Dal punto di vista linguistico sembra la traduzione in greco di un
Vangelo preesistente scritto in lingua ebraica. Alcuni studiosi
ipotizzano che Marco abbia attinto, a sua volta, dal primitivo
Vangelo degli Ebrei, distrutto dalla Chiesa, e di cui abbiamo
conoscenza dalle confutazioni degli antichi Padri, citate sopra.
La
Chiesa considera tuttora il Vangelo di Marco un semplice estratto del
Vangelo di Matteo, ritenuto il più antico. Ma già nel 1835 il
filologo Karl Lachmann sostenne la priorità di Marco e la sua
utilizzazione da parte di Luca e di Matteo. Tesi oggi universalmente
ritenuta valida. Marco, quindi, il cui Vangelo è composto di 661
versetti, fu la fonte di Matteo e di Luca. Il Vangelo di Matteo (1068
versetti) ne attinge da Marco 620 e quello di Luca (1149 versetti)

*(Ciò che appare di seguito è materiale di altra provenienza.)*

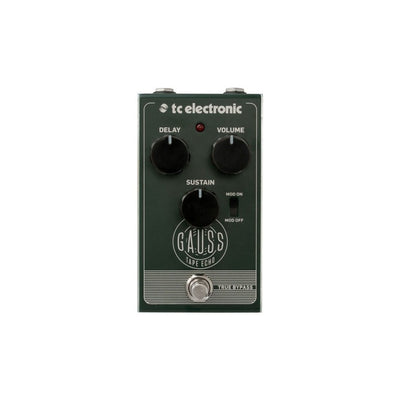 Tc Electronic Gauss Tape Echo Pedal Guitarra Delay Truebypas Color Verde Oscuro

350. Le concordanze dei tre Vangeli Sinottici derivano, dunque,
dalla comune dipendenza da Marco. Infatti, essi presentano la
medesima successione di eventi e mostrano nelle espressioni
un’affinità, che spesso riguarda anche i dettagli più minuti.
In
questo Vangelo manca qualsiasi traccia di ricordo personale e Gesù
viene presentato come uomo, non subisce cioè la metamorfosi
semidivina comune agli altri due Sinottici o addirittura divina come
nel Vangelo di Giovanni e negli Apocrifi successivi.
Viene
chiamato undici volte «Maestro» e tre volte «Rabbi», mai però
viene concepito
preesistente e identico a Dio. L'attribuzione di questo Vangelo a
Marco è testimoniata, con scarsa attendibilità dalla patristica, e
accettata tuttora dalla Chiesa, secondo la quale Marco era un
collaboratore di Pietro, che lo predilesse tanto da chiamarlo “suo
figlio”.
Ma
Guy Fau
(La fable de Jèsus
Christ, Editions de
l'Union rationaliste, Paris, 1964)
ha osservato, molto acutamente, che questo evangelista, così
prediletto da Pietro, ignora il “tu es Petrus” che troviamo in
Matteo (16, 18-19), cioè non lo riconosce come capo della Chiesa.
Dimenticanza abnorme per un discepolo prediletto. È da notare che
sia nel Codex Vaticanus sia nel Codex Sinaiticus (entrambi del IV
secolo) Marco si arresta al 16,8 e quindi sono assenti gli eventi
post resurrezione, sicuramente aggiunti posteriormente.